The way that certain cameras feel and work and operate lends them to a certain kind of photography. And for me, the iPhone is perfect for high-contrast, graphic black and white images. True, the image quality is some way short of what you’d get from a ‘proper’ camera, but when I’m using it I see the world differently and I see compositions in a way that I don’t when I’m looking in a camera viewfinder or at the back of a screen.
Perhaps it’s because the camera is also the display medium? Imagine how differently we’d see and capture images if we were able to hold a 10″ x 8″ print up to a scene and see the image formed on it directly.
So here are three tips for better black and white iPhone photography:
Tip 01: Use the Noir filter
The iOS Camera app has a selection of filter effects including three for black and white: Mono, Tonal and Noir. Noir is my favourite because it delivers a high-contrast rendition that also renders blue skies as very dark and intense (though see the note below). You don’t just get this effect in the final image, you also see it live on the screen as you’re composing the picture, and this high-contrast rendition helps you ‘see’ shapes, light and compositing much more clearly. And these three are the cornerstones of successful black and white.
Tip 02: Shoot square
I like the square format on the iPhone for two reasons: first, it’s a relatively unfamiliar aspect ratio that makes you re-evaluate ideas about composition. With regular rectangular ratios you can easly just slip into a compositional rut; the second reason is that shooting square means you don’t have to rotate the phone – and smartphones are much easier to shoot with in the upright position.
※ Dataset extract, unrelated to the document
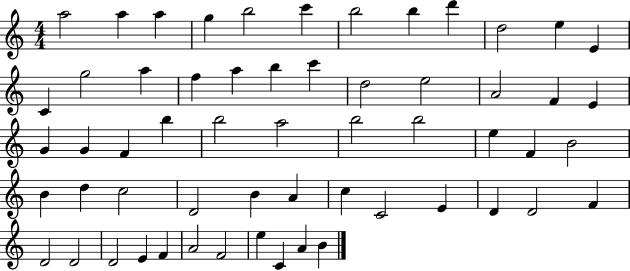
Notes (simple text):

Tip 03: Check the exposure
For stark black and white compositions to work, the exposure has to be right. Your phone will make an educated guess, but if you’re shooting a scene made up of bold lighting contrasts and patterns of light and shade, you’ll probably need to take control. On the iPhone that’s easy. Just tap on an area of the scene you want correctly exposed – a sunlit part, for example – and the phone will set the focus and exposure for that area. It will aim for a mid-tone grey, though, and if this is wrong just drag up and down on the exposure compensation gadget to make the picture lighter or darker. Simple.
Oops: what’s that noise?
There is a bit of an issue with the iPhone’s Noir filter. It manipulates the colour information in the image to make blue tones much darker (i.e. blue skies) and it does this, like any other black and white conversion tool, by making heavier use of the red channel. As with all single-layer sensors, the red pixels make up only one in four of the total number, and when you bring the red channel to the fore like this you also expose edge effects and noise that wouldn’t be noticeably in a regular RGB colour photo.
This shot shows the problem. The blue sky is heavily darkened, which is a really nice effect, but you can see a ‘halo’ effect around the architectural details on the building, and the sky itself has a slightly blotchy tone.
This only affects photos where you have a sharply detailed subject against a rich blue sky. If it’s ruining the shot, there is a solution – simply revert to the original colour photo in Apple Photos and try adjusting it with the manual black and white tools in the program, or use another editor like Snapseed. Unfortunately, these artefacts are baked into the red channel, so using a red filter effect in another program will just land you back where you started. But you might find a combination of filters and local adjustments that gives you the result you want without leaning so heavily on that red channel.